Después de Afganistán… ¿Qué hay?
“Varo, ¡devuélveme mis legiones!” gritaba el emperador Augusto al enterarse de la derrota de las legiones romanas en el Bosque de Teutoburgo y la pérdida de las águilas sagradas que coronaban los estandartes. La última águila estadounidense -un C-17- despegó del aeropuerto de Kabul-Afganistán el 30 de agosto en lo que, a ojos del mundo, fue una retirada estrepitosa, un espectáculo bochornoso: la caída del imperio frente a los “barbaros”.
Mas allá de la búsqueda de los culpables, convertida en una querella partidista (el agua sucia va de la bancada republicana a la demócrata y viceversa) el fin de la presencia estadounidense en suelo afgano deja muchas preguntas en el aire.

El ambiente de incertidumbre que se respira en occidente bajo una posible nueva oleada de migrantes en las puertas de Europa -o en la válvula de escape turca-, la caída de los principales “proyectos” en la región de medio oriente, la emergencia de potencias regionales -más o menos independientes- y una china ascendente y poderosa, cierne amplios interrogantes sobre el futuro de la política exterior estadounidense: ¿estamos frente a un declive del sistema internacional a imagen y semejanza Yankee?
Lo único que es cierto y que se convierte en el nuevo rompecabezas de los analistas en Washington es la pregunta por el futuro, un futuro post Afganistán, el cómo evadir ese fantasma del pasado, una suerte de síndrome de Vietnam que se reafirma en las últimas experiencias.
No se debe ir tan lejos -como el anteriormente mencionado Vietnam- para hacer eco de las malas decisiones y los objetivos inacabados que llevaron a los Estados Unidos a plantearse guerras en países lejanos. Principalmente en la llamada “guerra contra el terrorismo”, que en suelo afgano se transformó en una guerra perpetua equivalente a la experiencia soviética que empezó en 1979 y terminó diez años más tarde.
El conteo de los recientes desaciertos de estados unidos en materia de política exterior y de poder geopolítico se ejemplifica no solo en la caída de Kabul -a la cual hemos asistido de forma inmediata gracias a las redes sociales y la instantaneidad del internet frente a los reportes de la situación- sino que hace recordar uno de los recientes casos, principalmente en el continente asiático.

Cuando los Estados Unidos invadieron Iraq en 2003 para sacar a Sadam Hussein del poder, desconocieron que el eliminar al líder sunní en primer lugar fracturaría aún más la débil estructura estatal iraquí; sostenida a base de fuerza y terror. Y daría paso a una etapa que quiso evitar el mismo Hussein, la del coletazo de la revolución islámica en Irán.
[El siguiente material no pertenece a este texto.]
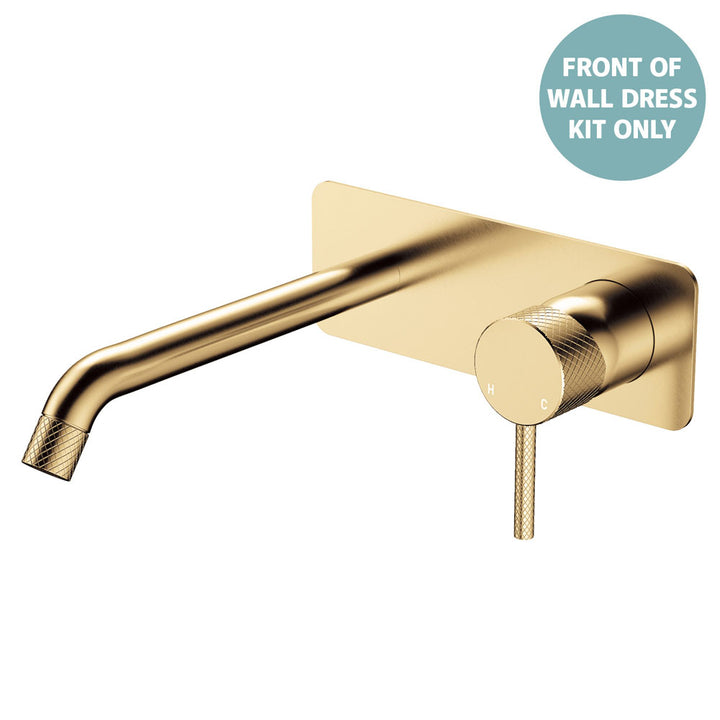 Axle Wall Basin/Bath Mixer Dress Kit, Rectangular Plate, 200mm Outlet - Trim Kit Only - Urban Brass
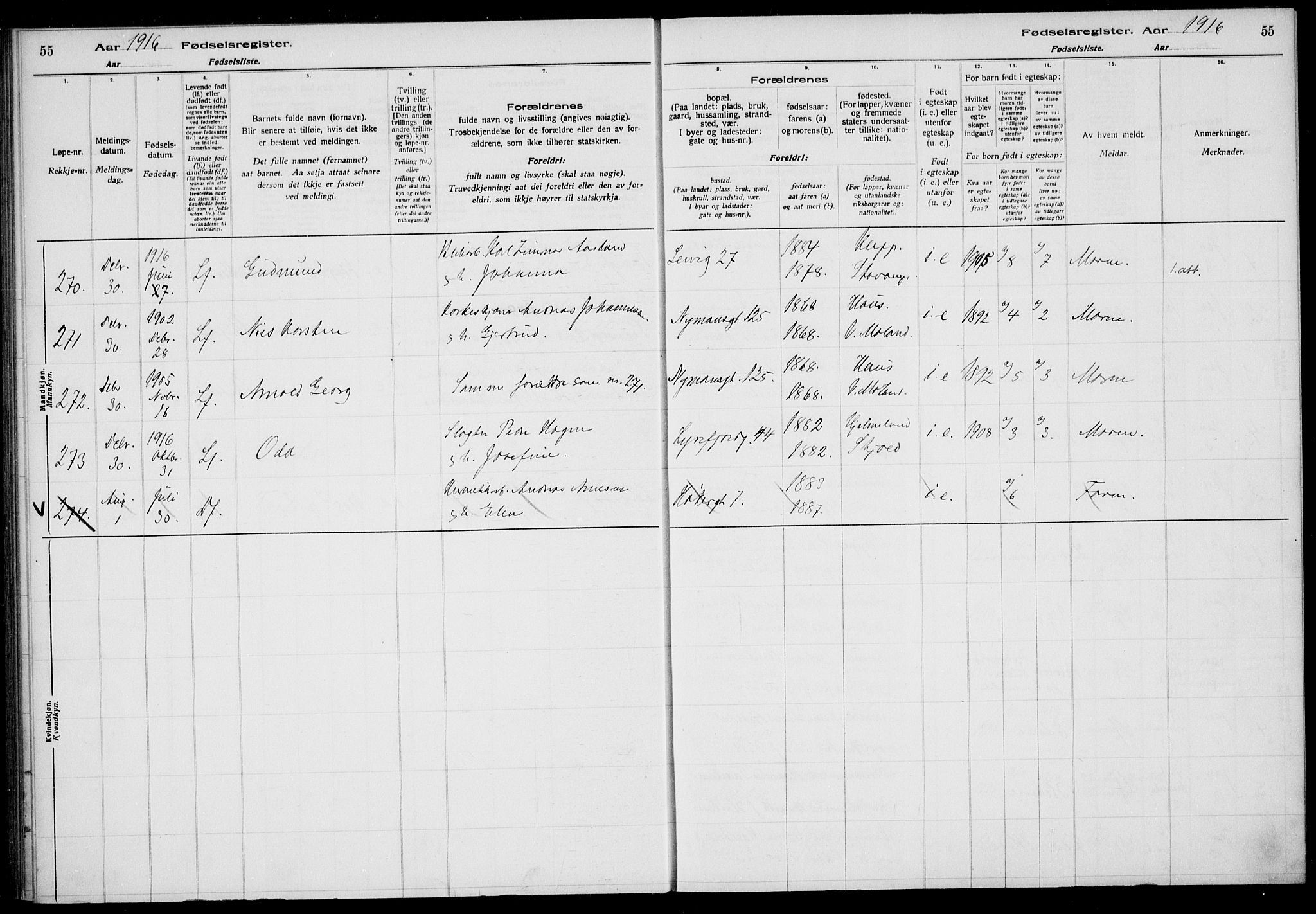 St. Johannes sokneprestkontor, AV/SAST-A-101814/002/A/L0001: Birth register no. 1, 1916-1919, p. 55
El cálculo inicial de sacar al dictador iraquí del poder descartó las variables secundarias que tendría un acto como este; la inestabilidad de un estado que antecede a la nación difícilmente se podría palear a través de la promesa de la democracia liberal, puesto que el advenimiento de facciones y grupos post Hussein estaba asegurado en un país lleno de contradicciones.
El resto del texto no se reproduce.